La scène rappelle les heures les plus froides de la diplomatie internationale : des ambassades amputées d’une partie de leur personnel, des relations réduites au strict minimum, et des gestes lourds de sens. En rappelant mardi 15 avril son ambassadeur à Alger « pour consultation », la France s’est alignée sur l’attitude adoptée par l’Algérie, qui avait déjà retiré le sien de Paris le 30 juillet 2024, en réaction à un changement de position de la France sur la question sensible du Sahara occidental, désormais plus favorable au Maroc.
Ce nouvel épisode marque une forme d’hibernation diplomatique entre les deux pays, où toute coopération, déjà fragile, semble désormais suspendue. Si la rupture officielle n’est pas encore prononcée, elle plane dans l’air comme une éventualité que les deux États peinent à assumer pleinement, compte tenu des liens humains, économiques et historiques qui les unissent.
Ce refroidissement brutal a une saveur particulièrement amère. L’ironie de la situation réside dans le fait que le signal de fermeté est venu du président Emmanuel Macron lui-même — celui que beaucoup considéraient comme le chef d’État le plus favorable à un rapprochement avec Alger sous la Ve République. C’est depuis l’Élysée que la décision d’expulser douze diplomates algériens a été annoncée, en représailles aux mesures similaires décidées par l’Algérie deux jours auparavant.
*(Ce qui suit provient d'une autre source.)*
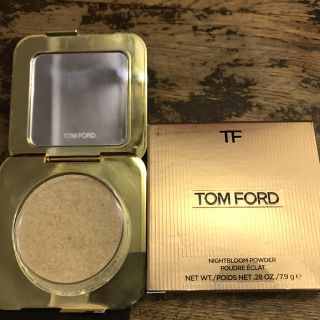 トムフォード(TOM FORD)のトムフォード　フェイスパウダー　ゴールド　艶肌(フェイスパウダー)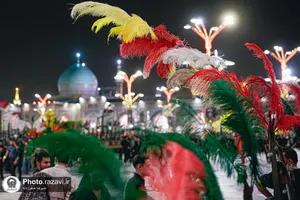آیین علم&zwnj;گردانی هیئت&zwnj;های مذهبی مشهد در حرم مطهر رضوی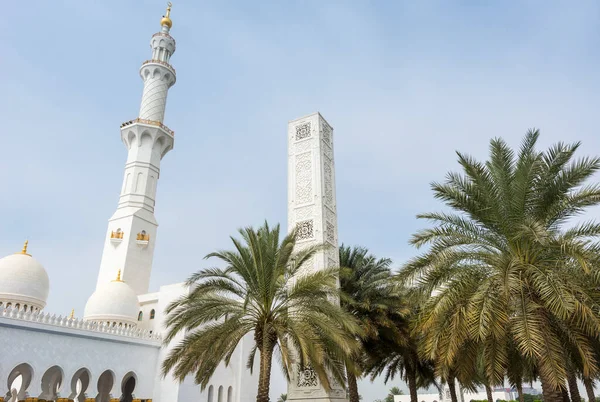 Minarete Blanco Gran Mezquita Construido Con Piedra Mármol Palmeras Verdes — Foto de Stock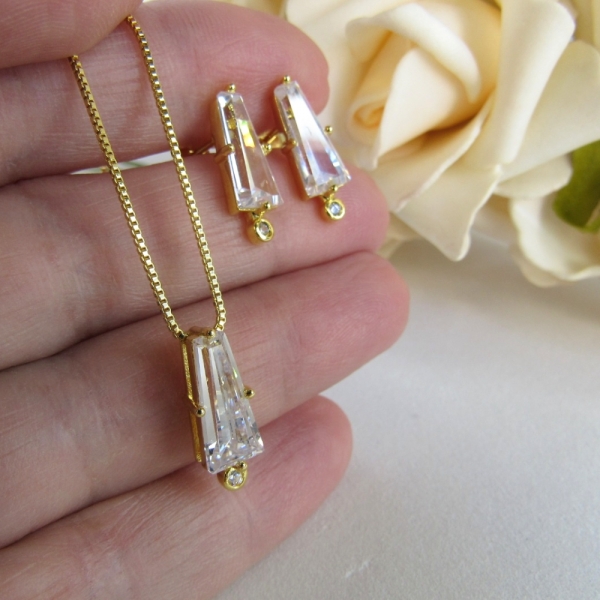 Conjunto Trapézio em Zircônia - Dourado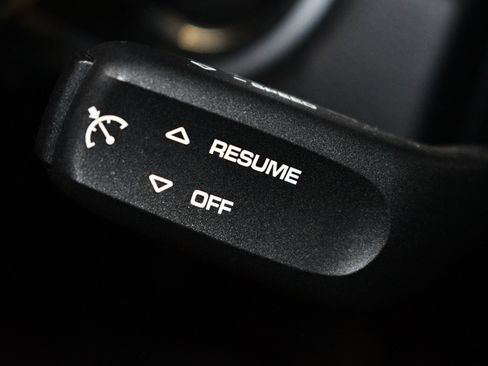 Used 2013 Porsche 911 Carrera RWD image 29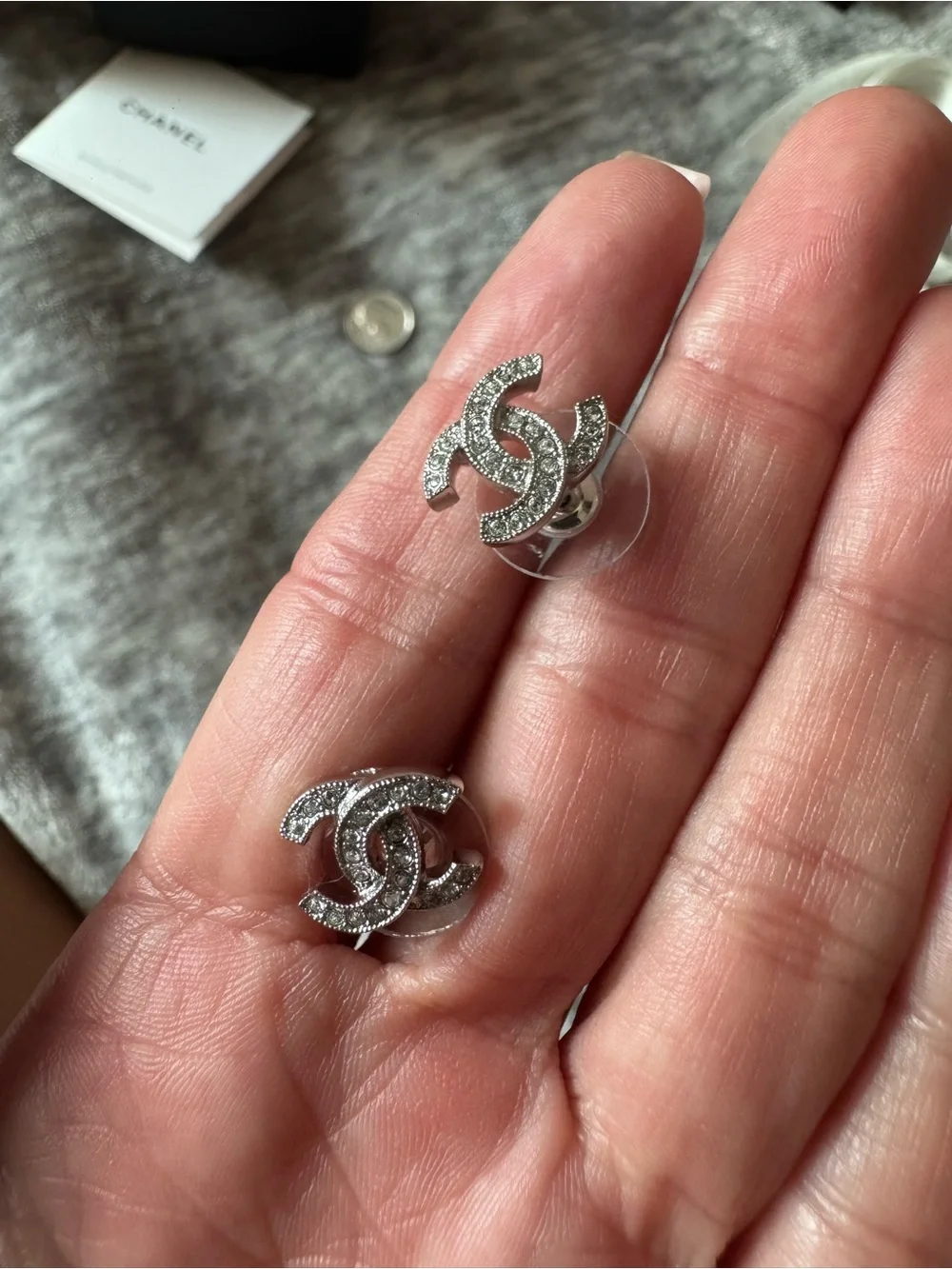CHANEL elegant cc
Au-delà du geste symbolique et politique, cet échange d’expulsions traduit un malaise plus profond, presque psychologique, entre deux nations qui, malgré leurs liens historiques indélébiles, semblent de plus en plus incapables de se comprendre. À Paris comme à Alger, la confiance paraît brisée, et la communication, réduite à des signaux de défiance.
Ce grand rendez-vous manqué entre deux peuples aux destins entremêlés interroge sur l’avenir de la relation bilatérale. Si le temps viendra peut-être d’un “recalibrage” — comme l’espère une partie des chancelleries — il faudra d’abord laisser passer l’orage. Un orage qui, cette fois, semble bien plus menaçant qu’à l’accoutumée.